This is a post about my disarraied idea on faux fur and a postponed retreat.
Please be warned, the first half of the post is muttering and it ends without clear conclusion. The latter half is an apology. I just couldn't avoid this post. I hope you will have a brighter day!
It was a very cold night in December. When we were living in England many years ago, we often went out at night for various musical concerts in London. It was at Royal Albert Hall, or maybe it was at Royal Festival Hall, I'm not too sure but that night was very cold. We enjoyed the music in the choir seats (tickets for the choir seats were much cheaper and it was so much fun to share the moment facing to the conductor and other part of audience beyond playing orchestra. We loved those seats.) and then some memorable thing happened to me after the concert.
When the program was over, everybody stood up and tried to exit the hall as usual as in every concert. People were slowly heading to the exits, like being a flow in a complicated shaped river. It was crowded around me, as usual. And then I felt someone grabbed my purse that was hugged with my both arms. In the moment I turned my head back to see the person who was vigorously kneading my purse, the woman behind me barked
with her hand still on my purse. She had a very evil grin (I'm sorry to say so but this is my polite expression) in her face as if she demanded me to reply back to her kneading or barking.
I didn't know what happened at first, and my initial guess was that she was too much affected by the moon or alcohol. She was wearing a colorful long knit cardigan over a Boho long dress. She seemed a civilized person rather than a growling wolf, although her lifestyle seemed slightly hippie side at the same time. Then I noticed that she accused me of having too much hair on my belonging. I was carrying a clutch-type small purse made of faux fur. I think I bought it at TOPSHOP because it was before my sewing era.
I realized that she was trying to criticize me on animal abuse. She didn't have paint to spread over me, so she barked at me instead.
In a second after realizing, I reflexively replied to her saying "Excuse me, this is faux."
She loudly said "Reeaally??"
I said "Of course."
A 5-second silence.
And, she stormed off bumping everyone else to make her way. That was all about the incident. Nobody got injured, technically nothing happened.
However, it kept raising some questions in my head since that day after all. Although she promptly gave up accusing me falsely, it influenced me later. I keep asking myself the questions that I can't find right answers for. Probably she's done an amazing job in a different way without knowing it.
I personally don't think that production of animal fur for fashion purpose is any good or gorgeous at all. I think we should be intolerant of unnecessary animal abuses in the present day.

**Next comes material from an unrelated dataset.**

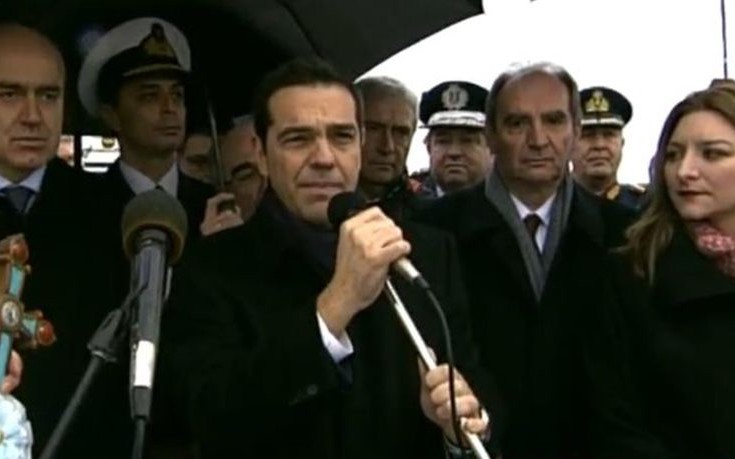 Μήνυμα προς την Τουρκία από την Αλεξανδρούπολη έστειλε ο Αλέξης Τσίπρας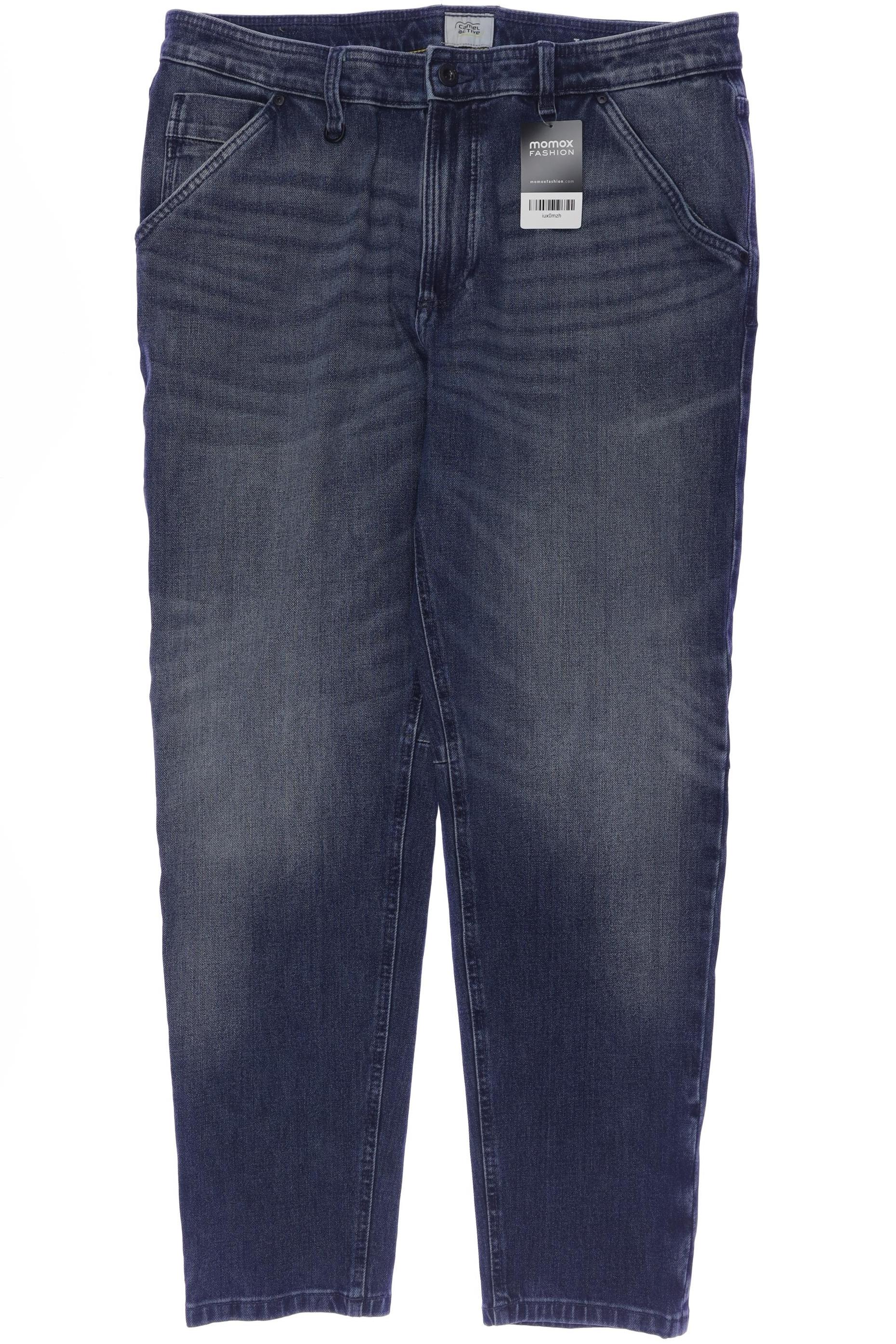 

camel active Herren Jeans, blau, Gr. 35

We have plenty other options now especially for garments. I have no doubt in this part. However, hey, is it really OK when the subject is faux fur? Especially when it is purposefully similar to the real one? What's the point of faking it while I don't appreciate the real ones?
I wonder other questions too.
Will there be people who'd attack me or say bad at me because they wrongly think my items are real, again? And is there nothing I can do about it? Do I always have to make excuses that my items are not real? Why don't I give up entire idea of fur material rather than appreciating fauxness of faux fur fabric? Is faux fur pretty by the way? Doesn't it lose the glory even a bit even if no one uses real fur any more? Is real fur pretty, in the first place? If I think faux fur cute, why? Why on earth do I love those hairy synthetic fabrics while I don't approve them if they're real? Doesn't this mean I am indirectly supporting real fur?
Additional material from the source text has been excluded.